## A brief case study in causal inference: age and falling grades

An interesting claim I found in the press: there is some concern because GCSE grades in England this year were lower than last year. What caused this?

One reason for the weaker than expected results was the higher number of younger students taking GCSE papers. The JCQ figures showed a 39% increase in the number of GCSE exams taken by those aged 15 or younger, for a total of 806,000.

This effect could be seen in English, with a 42% increase in entries from those younger than 16. While results for 16-year-olds remained stable, JCQ said the decline in top grades “can, therefore, be explained by younger students not performing as strongly as 16-year-olds”.

Newspapers seem to get worried whenever there are educational results out that there might be some dreadful societal decline going on, and that any change in educational outcomes might be a predictor of the impending collapse of civilisation.

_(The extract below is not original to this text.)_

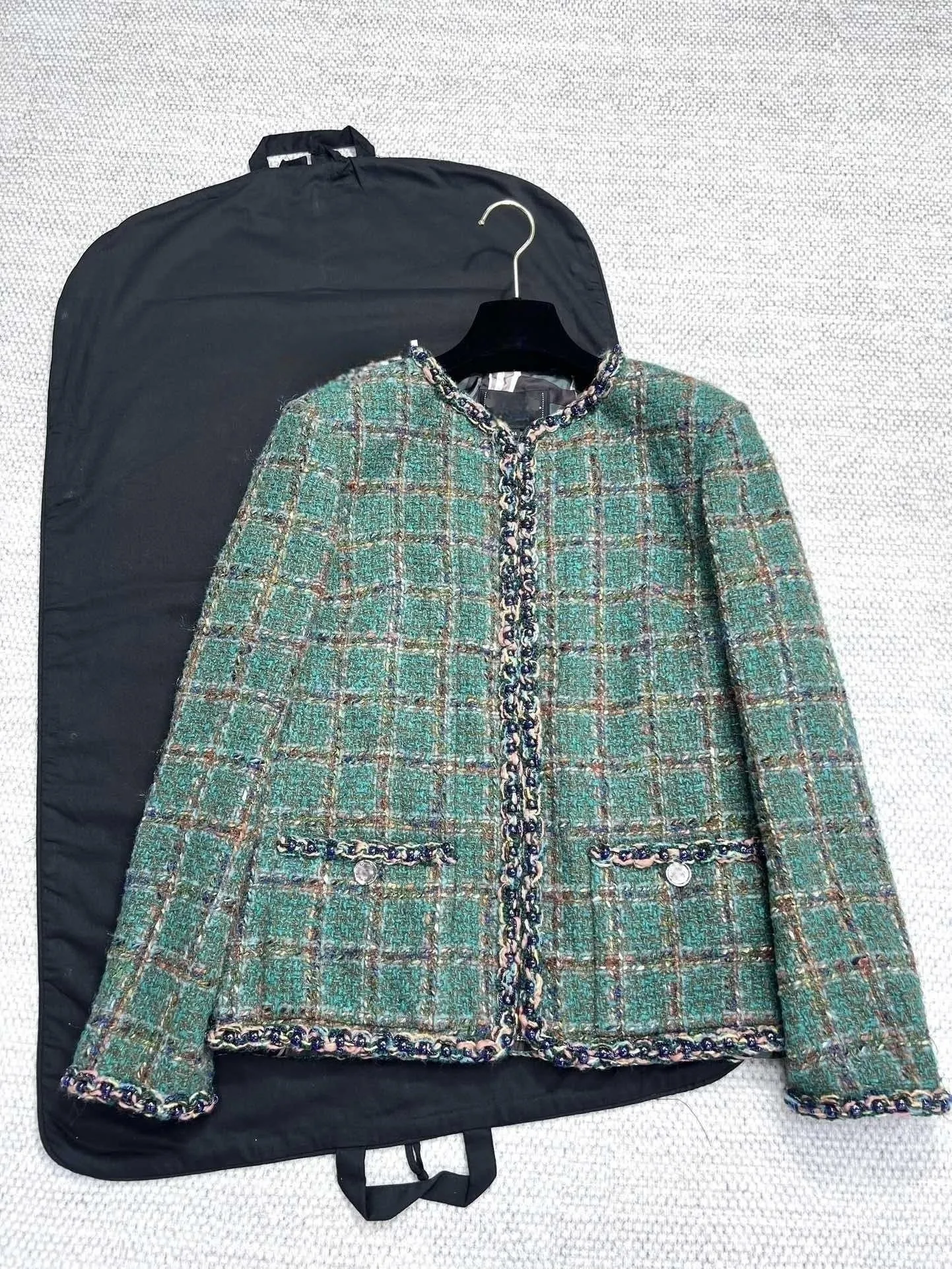 

100% Mulberry Silk Jacquard Lined With G-Dragon's Same Tweed Wool Green Check Hand-woven Coat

This alternative explanation of reduced age is therefore quite interesting, I thought it would be worth trying to analyse it formally to see if it stands up.

First, I think we can draw a graph, essentially a causal Bayes net, that looks like this:

The “decline of civilisation” is perhaps a bit hyperbolic, a less exaggerated alternative cause might be “falling educational standards” or something like that. Whatever it is, it is something that we aren’t sure of. The point is to try and use the GCSE results to work out whether it is happening or not.

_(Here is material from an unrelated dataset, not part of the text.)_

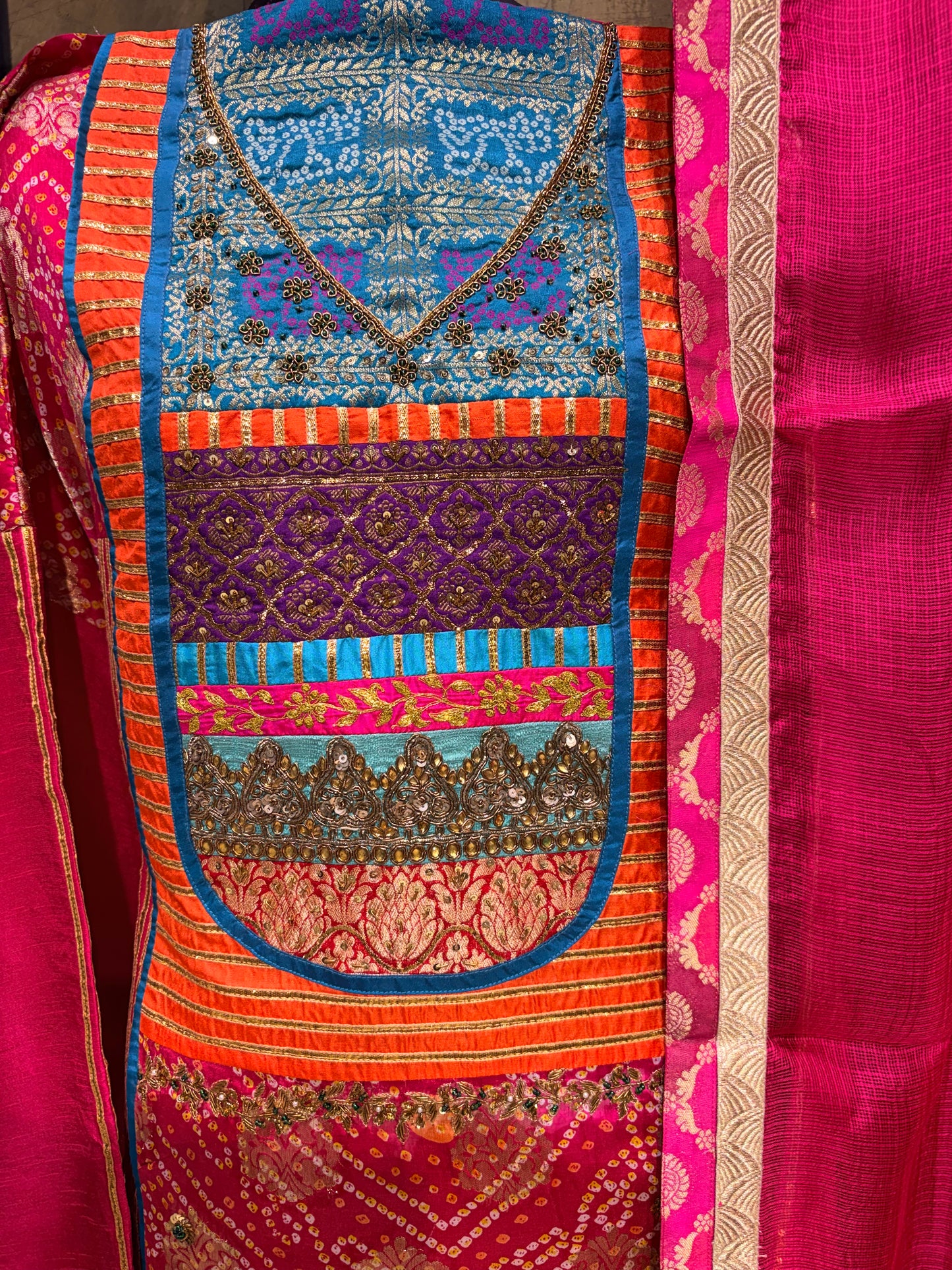 Bold Regal Exquisitely handcrafted suit set in Vegan silk and Muslin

On the other hand, the ages of people taking exams is clearly known quite precisely, as is the actual outcome measure, so these aren’t controversial. The other thing that isn’t particularly controversial is the arrow from “decline of civilisation” to “GCSE grades” — while we don’t know if the decline itself is happening or not, we can be fairly sure (I think) that if it did, it would tend to produce worse GSCE grades. That is to say, all else equal, falling standards increase the probability that students will fail their GCSEs.

The first interesting question is whether the arrow from age to GCSE grades should be there. I.e., can we also say that all else equal, younger students get worse GCSE grades?* It seems plausible, but is there any empirical evidence? The quote above in a roundabout way tells us that age and GCSE grades were correlated in this year’s data, because it said that the average results go down if you include all ages rather than looking only at a particular age (namely 16). This is a roundabout way of saying

$P(\mathrm{GCSE\ grade|Age}) \neq P(\mathrm{GCSE\ grade})$

This, according to Reichenbach’s principle of common cause tells us one of two things:

• Age affects GCSE grades; or
• There is a common cause of age and GCSE grades.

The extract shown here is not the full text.